◆ REQUIRED WORK:
Restate word for word only the lines running from the one with "Used 2015 Lexus" to the end of the data, both ends included. Omit any pictures.

◆ DATA BELOW:
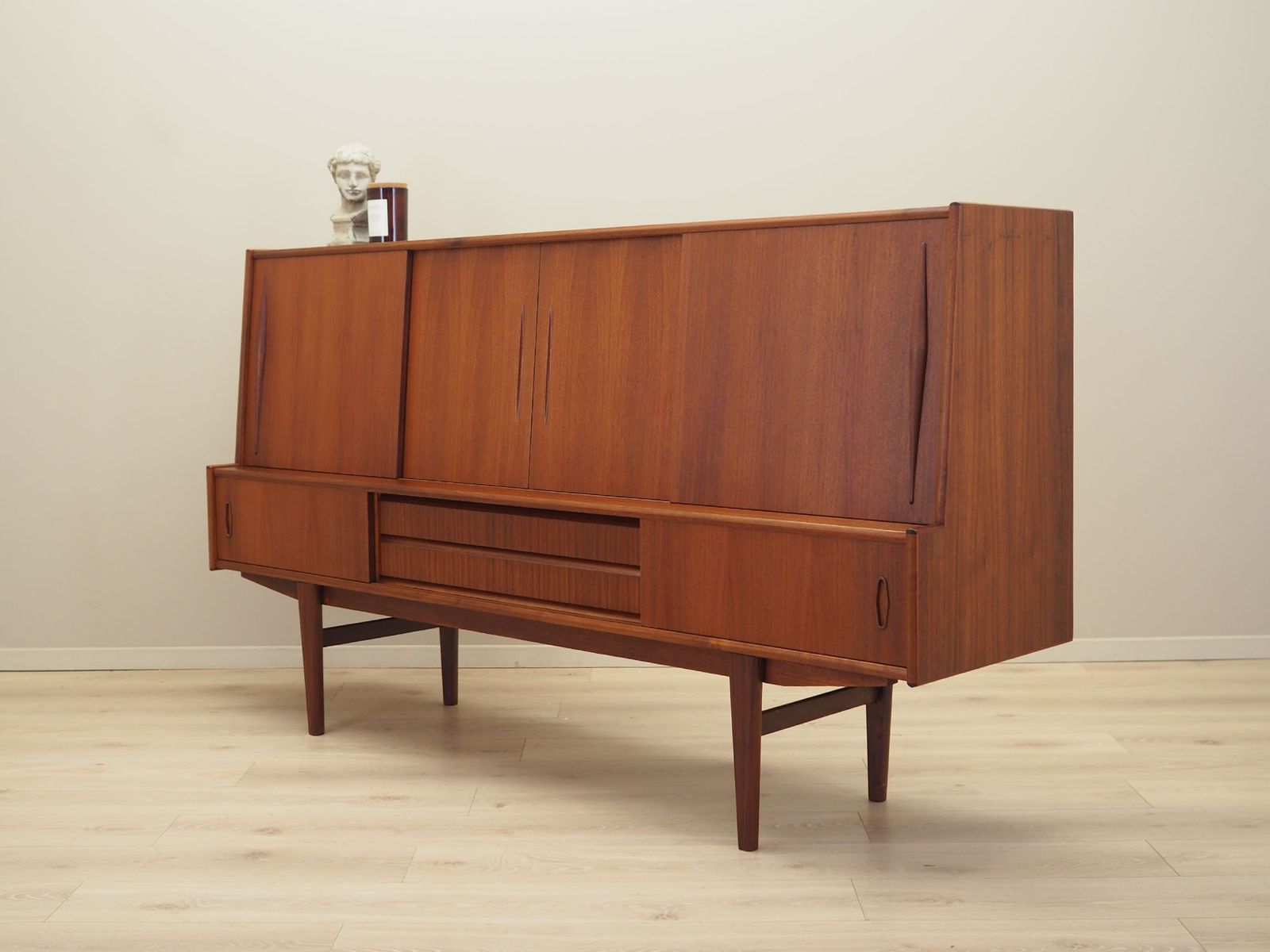Teakhouten Highboard, Deens Design, Jaren 1970, Productie: Denemarken photo Meubels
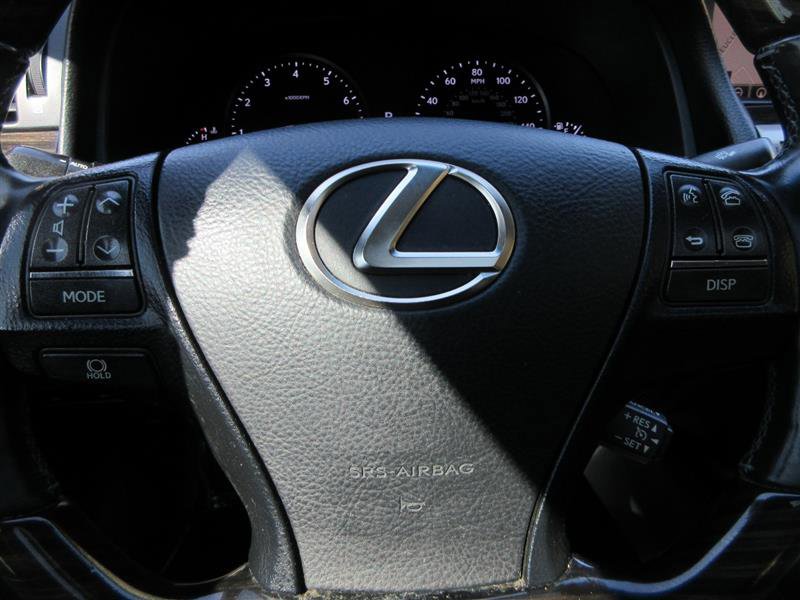 Used 2015 Lexus LS 460 AWD w/ Comfort Package image 13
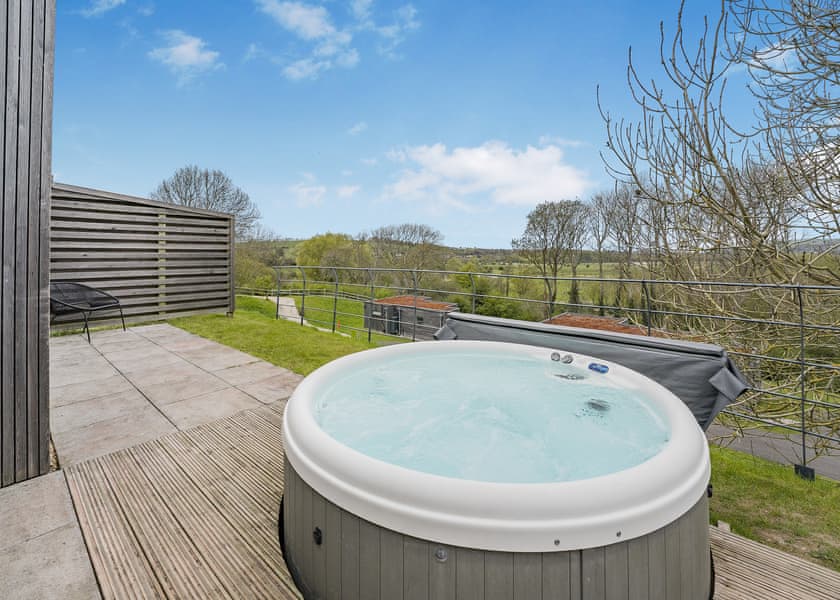 Woodland View Retreat - Swanborough Lakes Luxury Lodges, Lewes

◆ WRITTEN ANSWER:
 Used 2015 Lexus LS 460 AWD w/ Comfort Package image 13
 Woodland View Retreat - Swanborough Lakes Luxury Lodges, Lewes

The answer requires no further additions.